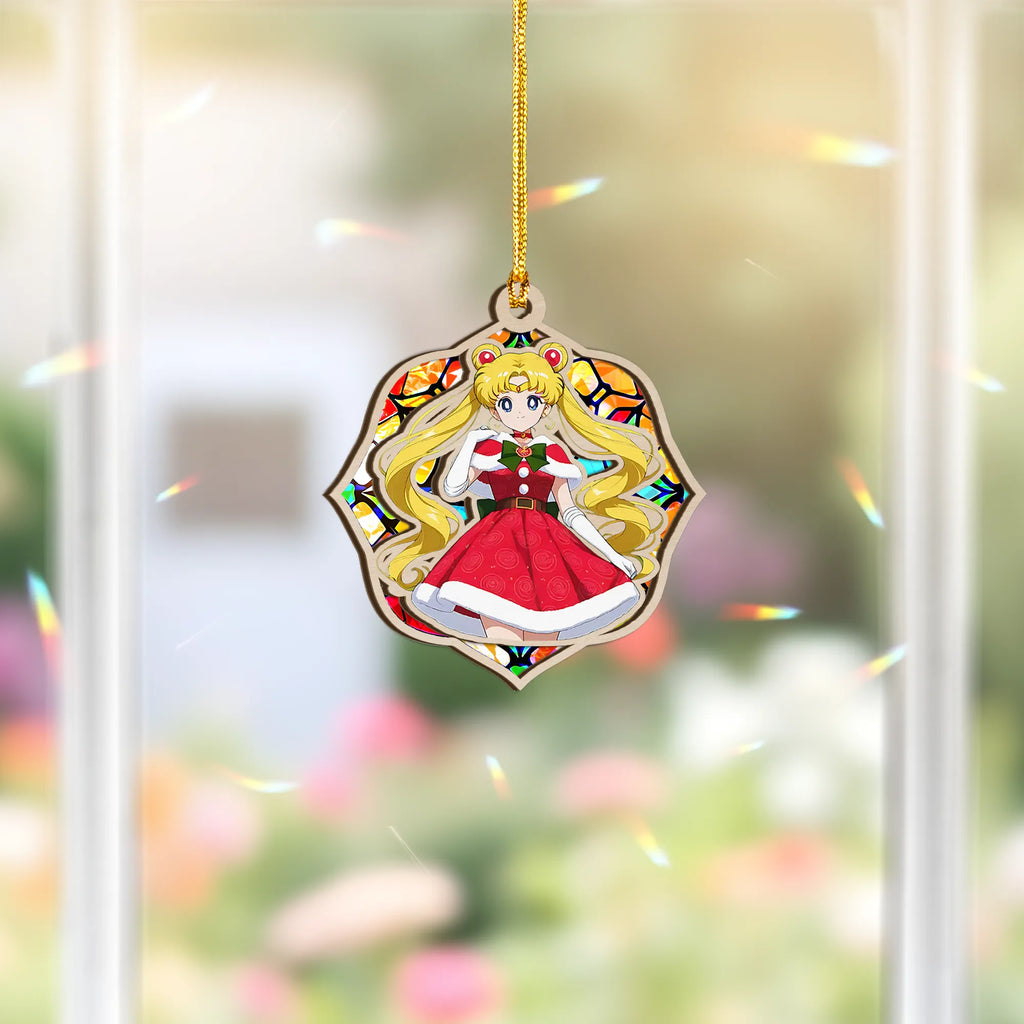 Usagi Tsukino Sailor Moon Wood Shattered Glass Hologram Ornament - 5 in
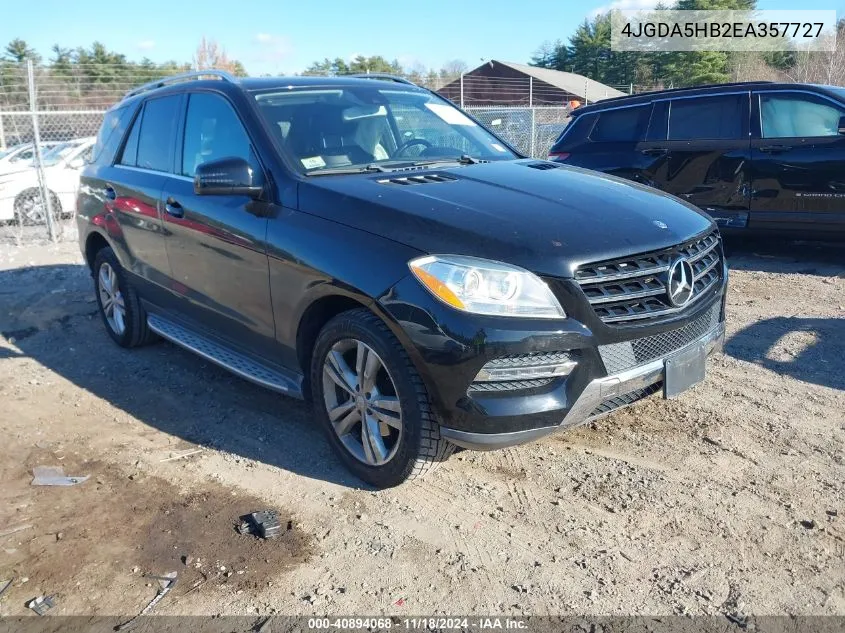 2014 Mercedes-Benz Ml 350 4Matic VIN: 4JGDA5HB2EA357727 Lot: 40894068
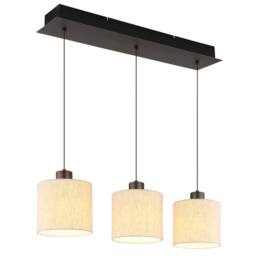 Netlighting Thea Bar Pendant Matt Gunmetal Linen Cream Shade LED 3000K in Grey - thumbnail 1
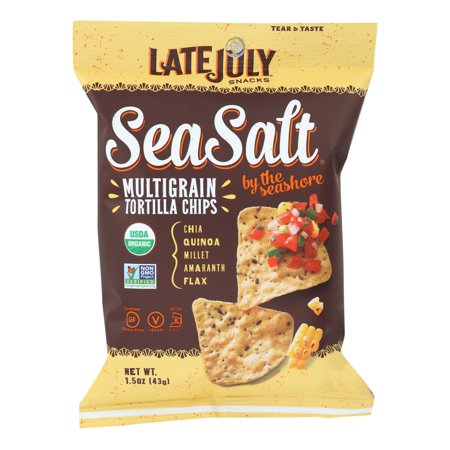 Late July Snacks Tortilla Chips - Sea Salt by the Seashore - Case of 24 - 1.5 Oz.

____________

▶ [The task]: When you retype the data above, match every line exactly and leave the pictures behind.

▶ [Task result]:
 Usagi Tsukino Sailor Moon Wood Shattered Glass Hologram Ornament - 5 in
 2014 Mercedes-Benz Ml 350 4Matic VIN: 4JGDA5HB2EA357727 Lot: 40894068
 Netlighting Thea Bar Pendant Matt Gunmetal Linen Cream Shade LED 3000K in Grey - thumbnail 1
 Late July Snacks Tortilla Chips - Sea Salt by the Seashore - Case of 24 - 1.5 Oz.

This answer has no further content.